A Little Bit of Culture
This Week: Judas and the Black Messiah (2021)
It’s Oscars season! Did it sneak up on you too? Did you miss the announcements on Monday? Well, I almost did because...who the hell can remember that the Oscars usually happen around now or that movies even came out at all after the year we’ve just had?
So in honor of almost forgetting about the Oscars, I wanted to use the space here this week to talk about an Oscar contender I recently watched: Judas and the Black Messiah.
Judas and the Black Messiah has 5 Academy Award nominations: Best Picture, Best Supporting Actor (x2), Best Original Screenplay, and Best Cinematography. The film is based on the life, or part of the life, and assassination of Fred Hampton—the chairman of the Illinois chapter of the Black Panther Party. It is no spoiler to say that the movie covers his betrayal at the hands of William O’Neal, who drugs Hampton on the evening he is later killed. Hampton was killed at the age of 21. The entire story is harrowing and the ending reminds you that truly nothing has changed in this country.
As a movie itself, though, Judas and the Black Messiah didn’t work for me. The film spends too much time trying to tell a more omniscient story—it attempts to equally cover the narratives of Hampton, O’Neal, and the machinations at the FBI. And I understand why they took that approach. However, the story would have been more powerful, in my opinion, if the movie stayed rooted as more of a true shifting point of view narrative between O’Neal and Hampton. There is a stretch of the movie where Hampton isn’t in the movie at all; to be fair, he is in jail at that time but maybe that’s the stretch to really lean into O’Neal’s story.
Not having Hampton in the movie is a problem for one major reason: Daniel Kaluuya is absolutely amazing in this movie as Fred Hampton. You’ll read about Kaluuya training himself to talk and give speeches like Fred Hampton, but once you see the comparison it is truly astounding. There is one moment in particular when Kaluuya is giving a speech to the Black Panthers when he steps back for a moment and pauses; the camera holds tight on Kaluuya’s face from an angle and all you see his one side of his face—the flick in his mouth, the small movements of his eyes, and perspiration on his forehead. In that moment, Kaluuya as a performer is so alive and so present as this character that you almost forget you exist as a viewer—you are in the moment. Whenever Kaluuya is on the screen, you don’t want him to leave, so when he does, that is a problem.

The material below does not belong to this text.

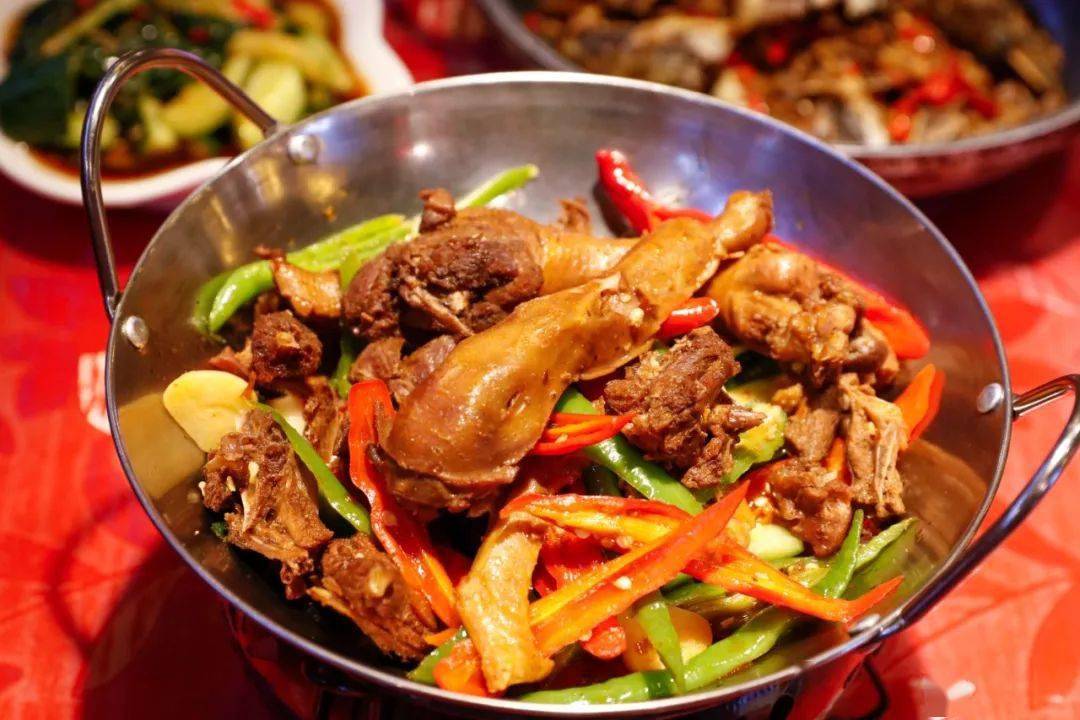 口味也是超级诱惑 经典的香辣味锅底 飘散着满屋子的香味 干锅啤酒鸭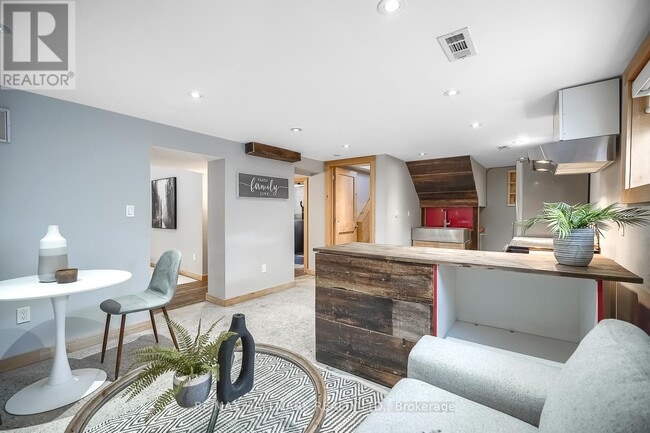 Photo du bâtiment - 6 Thirty First St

LaKeith Stanfield plays William O’Neal and certainly has the harder part to play. He is the betrayer, he spends most of the movie in a state of ambivalence, but yet is also gutted by what he has to do in the end. Stanfield is not as magnetic as Kaluuya, but he too has a moment that jumps off the screen. It happens near the end of the movie, when the FBI agent (played by Jesse Plemons) indicates to O’Neal what he wants him to do as part of the FBI’s plan to kill Hampton. Stanfield sits in a chair, at a table in the restaurant; his face is steady but with the slightest look of shock; and then his body, starting with the shoulders, rocks forward just a bit and then back just slightly, as if a wave has passed through him. It’s a stunning moment.
Stanfield and Kaluuya are both up for Best Supporting Actor. Because of the nature of their roles and the way the movie uses the space of its narrative, this makes sense. And I would be shocked if Kaluuya did not win.
Judas and the Black Messiah is worth watching for the performances and the history alone. I’ll leave it up to you to decide if the way the movie is told actually works.